Leave out the pictures and retype exactly the lines from the one with "RoMantic Collier pour" through the end of the records.

Dataset entries:
***
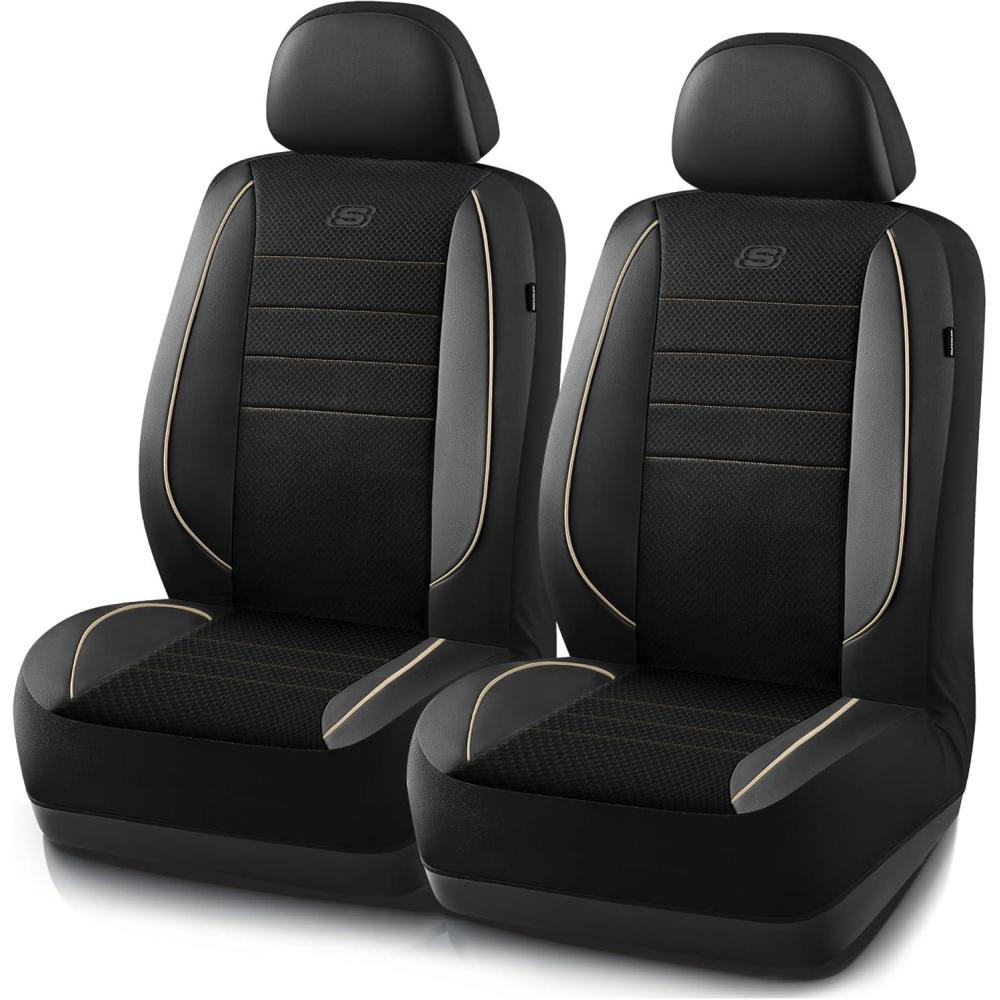 imageSkechers AirCooled Memory Foam Seat CoversMesh Thick Car Seat CoversPiping Leather Car Seat Covers Front SeatsAirbag CompatibleAutomotive Comfort Universal FitMost CarsVansTruckSUVBlackBlack and Beige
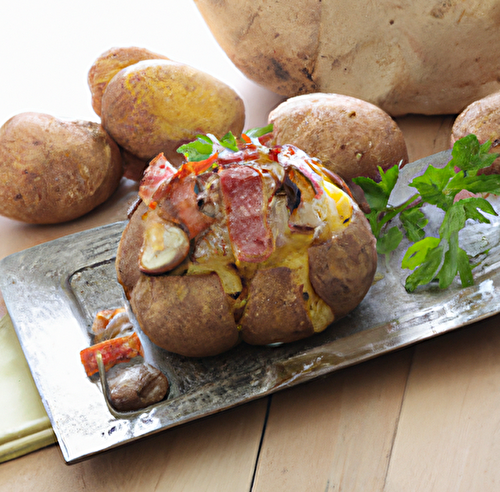 Pomme de terre farcie aux champignons et aux lardons à l’Extra crisp au multicuiseur cookéo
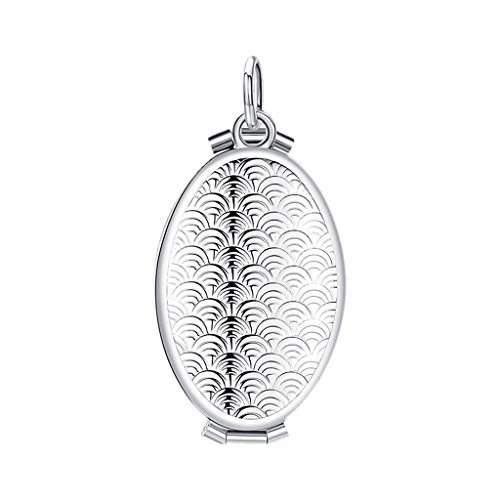 RoMantic Collier pour Femme Maman et Bracelet birthday de Noël Anniversaire de Mariage，Échelle de poisson ovale médaillon 4 fente cadre photo pendentif collier bijoux cadeau solide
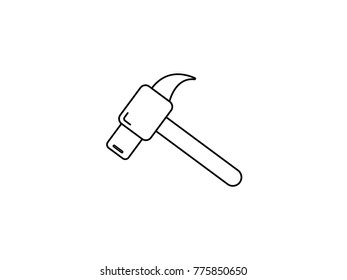 Hammer icon vector,  on white background.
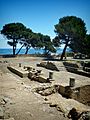 Remains of Greek temple in the ancient Greek city of Neapolis at the archaeological site of Empúries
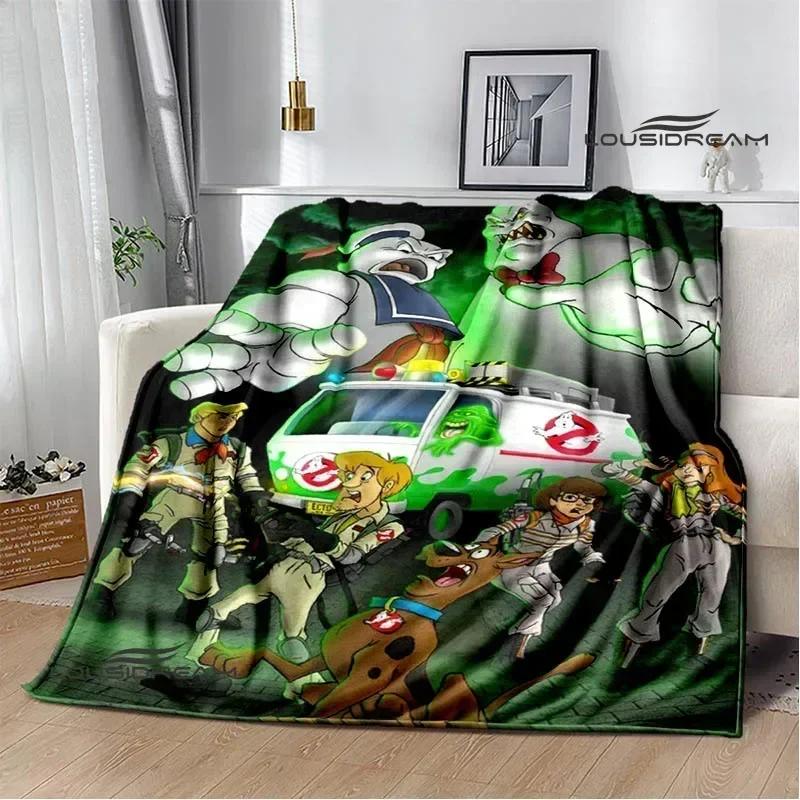 Coperta Stampata Cartoon G-Ghostbusters Calde Coperte in Flanella Morbide e Confortevoli Coperta da Casa Viaggio Fodere per Letto Regalo di Compleanno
***
Result for this task:
 RoMantic Collier pour Femme Maman et Bracelet birthday de Noël Anniversaire de Mariage，Échelle de poisson ovale médaillon 4 fente cadre photo pendentif collier bijoux cadeau solide
 Hammer icon vector,  on white background.
 Remains of Greek temple in the ancient Greek city of Neapolis at the archaeological site of Empúries
 Coperta Stampata Cartoon G-Ghostbusters Calde Coperte in Flanella Morbide e Confortevoli Coperta da Casa Viaggio Fodere per Letto Regalo di Compleanno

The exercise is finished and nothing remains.